Testing Tool Functions
Tools are the most testable part of an agent system. They have clear inputs and outputs:
// tool.js — the function to test
function parsePrice(text) {
const match = text.match(/\$([\d,]+\.?\d*)/);
return match ? parseFloat(match[1].replace(',', '')) : null;
}
// tool.test.js — the tests
describe('parsePrice', () => {
test('extracts price from text', () => {
expect(parsePrice('The product costs $49.99')).toBe(49.99);
});
test('handles commas in large prices', () => {
expect(parsePrice('Enterprise plan: $1,299.00/month')).toBe(1299.00);
});
test('returns null when no price found', () => {
expect(parsePrice('Contact us for pricing')).toBeNull();
});
test('handles decimal precision', () => {
expect(parsePrice('$0.99')).toBe(0.99);
});
});
These tests are fast, deterministic, and reliable. They should comprise the bulk of your test suite.
Testing Memory Operations
Memory functions can be tested with mocked file systems:
// memory.test.js
describe('WorkingMemory', () => {
beforeEach(() => {
// Setup mock file system
mockFs({
'/memory/WORKING.md': '# Current Task\nBuild plugin system'
});
});
test('reads current task', async () => {
const memory = await readWorkingMemory();
expect(memory.currentTask).toBe('Build plugin system');
});
test('updates task status', async () => {
await updateWorkingMemory({ status: 'in_progress' });
const memory = await readWorkingMemory();
expect(memory.status).toBe('in_progress');
});
});
Mocking External APIs
When testing code that calls external APIs, use mocks:
// api.test.js
describe('WeatherTool', () => {
beforeEach(() => {
// Mock fetch
global.fetch = jest.fn();
});
test('fetches weather for city', async () => {
fetch.mockResolvedValue({
ok: true,
json: async () => ({ temp: 72, condition: 'sunny' })
});
const result = await getWeather('San Francisco');
expect(result.temp).toBe(72);
expect(fetch).toHaveBeenCalledWith(
expect.stringContaining('San Francisco')
);
});
test('handles API errors', async () => {
fetch.mockResolvedValue({
ok: false,
status: 429,
statusText: 'Rate Limited'
});
await expect(getWeather('NYC')).rejects.toThrow('Rate Limited');
});
});
Integration Testing
Unit tests verify components. Integration tests verify that components work together.

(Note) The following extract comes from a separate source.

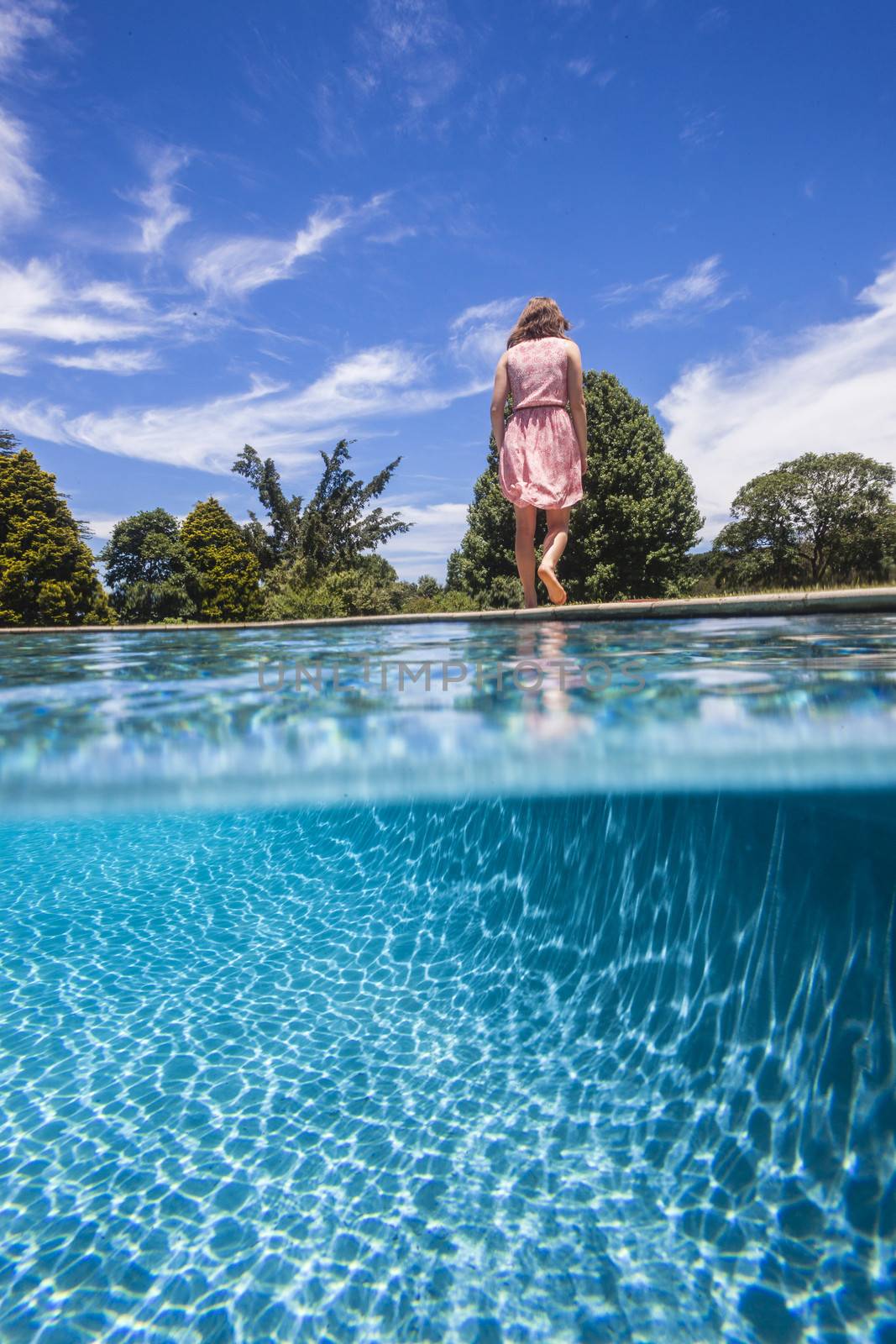 Girl testing pool water by dipping her tocsin to feel the temperature.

End-to-End Workflow Testing
Test complete agent workflows:
// workflow.test.js
describe('Plugin Creation Workflow', () => {
test('creates plugin end-to-end', async () => {
// Setup test environment
const testDB = await setupTestDatabase();
const agent = createTestAgent({ database: testDB });
// Execute workflow
const result = await agent.executeWorkflow({
task: 'Create a UUID generator plugin',
expectedSteps: [
'research_existing_plugins',
'generate_code',
'test_locally',
'submit_to_registry'
]
});
// Verify outcomes
expect(result.success).toBe(true);
expect(result.pluginId).toBeDefined();
// Verify database state
const plugin = await testDB.plugins.find(result.pluginId);
expect(plugin.title).toContain('UUID');
expect(plugin.code).toContain('function');
});
});
Simulating External Services
Create test doubles for external dependencies:
// Simulated API server
class MockAPI {
constructor() {
this.responses = new Map();
}
when(endpoint, response) {
this.responses.set(endpoint, response);
}
async fetch(url) {
const response = this.responses.get(url);
if (!response) {
throw new Error(Unexpected request: ${url});
}
return response;
}
}
// Usage in tests
test('handles API timeout', async () => {
const mockAPI = new MockAPI();
mockAPI.when('/slow-endpoint',
new Promise((_, reject) =>
setTimeout(() => reject(new Error('Timeout')), 5000)
)
);
const agent = createAgent({ api: mockAPI });
const result = await agent.callWithRetry('/slow-endpoint');
expect(result.attempts).toBe(3);
expect(result.success).toBe(false);
});
Testing Multi-Agent Coordination
For multi-agent systems, test coordination patterns:
// coordination.test.js
describe('Task Assignment', () => {
test('distributes tasks to available agents', async () => {
const coordinator = createCoordinator();
const agents = [
createAgent({ id: 'A', capacity: 2 }),
createAgent({ id: 'B', capacity: 1 }),
createAgent({ id: 'C', capacity: 3 })
];
const tasks = Array(5).fill(null).map((_, i) => ({
id: task-${i},
complexity: 'medium'
}));
const assignments = await coordinator.distribute(tasks, agents);
expect(assignments.get('A')).toHaveLength(2);
expect(assignments.get('B')).toHaveLength(1);
expect(assignments.get('C')).toHaveLength(2);
});
test('handles agent failure', async () => {
const agent = createAgent({
id: 'faulty',
behavior: 'fail_after_2_tasks'
});
await coordinator.assign('task-1', agent);
await coordinator.assign('task-2', agent);
// Third task should be reassigned
const result = await coordinator.assign('task-3', agent);
expect(result.reassigned).toBe(true);
});
});
Debugging Techniques
When tests fail (or systems fail in production), you need debugging tools.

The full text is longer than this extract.